Геннадию хотелось бежать, бежать без оглядки, но теперь было уже поздно. Юрий повернулся и тоже смотрел в его сторону, как показалось Геннадию, презрительно и насмешливо.
Геннадий с отчаянной безрассудностью шагнул вперед и, не помня себя, задиристо сказал:
— Ему, Илюша, в жизни никогда не прыгнуть с бушприта. Это он так… для красоты треплется!
— Ты, Генка, помолчал бы. — Юрий примирительно улыбнулся: — Ну, чего нахохлился?
Но спокойствие Юрия, его улыбка привели Геннадия в ярость:
— А еще… болтал, что волю закаливаешь! А сам… трус. Трус, вот кто ты!
Илья хлестнул прутом по голенищу начищенного до блеска сапога и сдвинул брови.
— Трусишь? Трусишь прыгнуть с бушприта? — крикнул Геннадий и, сбросив с себя майку, брюки, кинул их к ногам побледневшего Юрия. — На вот тебе, трус несчастный! — Задыхаясь от гнева, он метнулся к бушприту.
— Куда тебя понесло? — завопил кочегар и побежал вслед за Геннадием.
Проворно, точно кошка, Геннадий вскарабкался на деревянный брус, повисший над водой, и на мгновение застыл, подавшись вперед грудью, как бы еще раздумывая, прыгать ему или нет.
— Генка… Генка! — роняя стул, закричал Юрий.
Но было уже поздно.
У Геннадия екнуло и похолодело сердце, когда он входил последним в капитанскую каюту.
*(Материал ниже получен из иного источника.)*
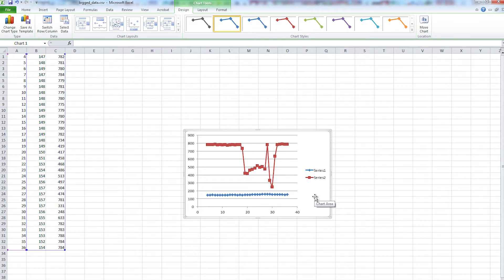And that's it. That's your Arduino Leonardo temperature and light logger to your computer.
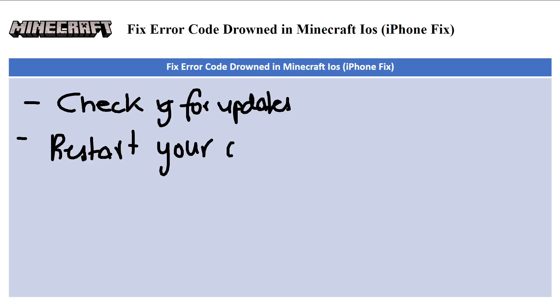The next thing is to restart your device. A simple restart of your iPhone can often resolve temporary glitches or errors.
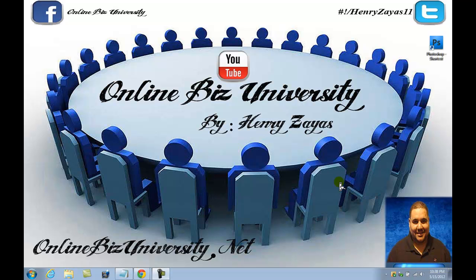Hello everybody and welcome to another video tutorial for the Online Biz University. Today I have a very special lesson for you guys, which consists in a little bit of graphic design.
Прячась за спины Ильи и Юрия, он глядел исподлобья.
Глушков сидел за столом и пил чай. Он был без кителя, по-домашнему: в белой косоворотке и чувяках на босу ногу. Капитан жил на судне пока по-холостяцки, без семьи. Жена и дочка, ученица девятого класса, должны были приехать на «Сокол» лишь в конце июня.
— Подсаживайтесь, ребята, подсаживайтесь, — сказал Глушков. И сказал это так, будто он и не вызывал к себе ребят, а они сами, по доброй воле, пришли к нему в гости. — Чего стоите? Подсаживайтесь! — снова повторил свое приглашение капитан, наливая в блюдце густой, дымящийся чай.
Стулья стояли вокруг стола, и, когда Илья первым решился сесть, ему поневоле пришлось подойти к столу. Сели и Юрий с Геннадием, сели осторожно, с опаской, точно под ними были не стулья, а раскаленные сковороды.
Геннадий глядел себе под ноги, на пол, покрытый раскрашенным в клетку линолеумом, не отваживаясь поднять глаза.
— А я чайком балуюсь, — сказал Глушков, стараясь не глядеть на растерянные лица ребят. — Не могу без чая жить, да и только! Волгари, они все водохлебы!.. Ну что, выпьете по стаканчику?
И, не дожидаясь чьего-либо согласия, он достал из шкафчика, вделанного в стену, стаканы и налил в них чаю.
— Сахар, конфеты… Пейте, кто с чем любит…
«И чего он все тянет? Уж начинал бы, что ли, скорее!» — с тоской думал Геннадий, упорно продолжая изучать на полу пестрые квадраты.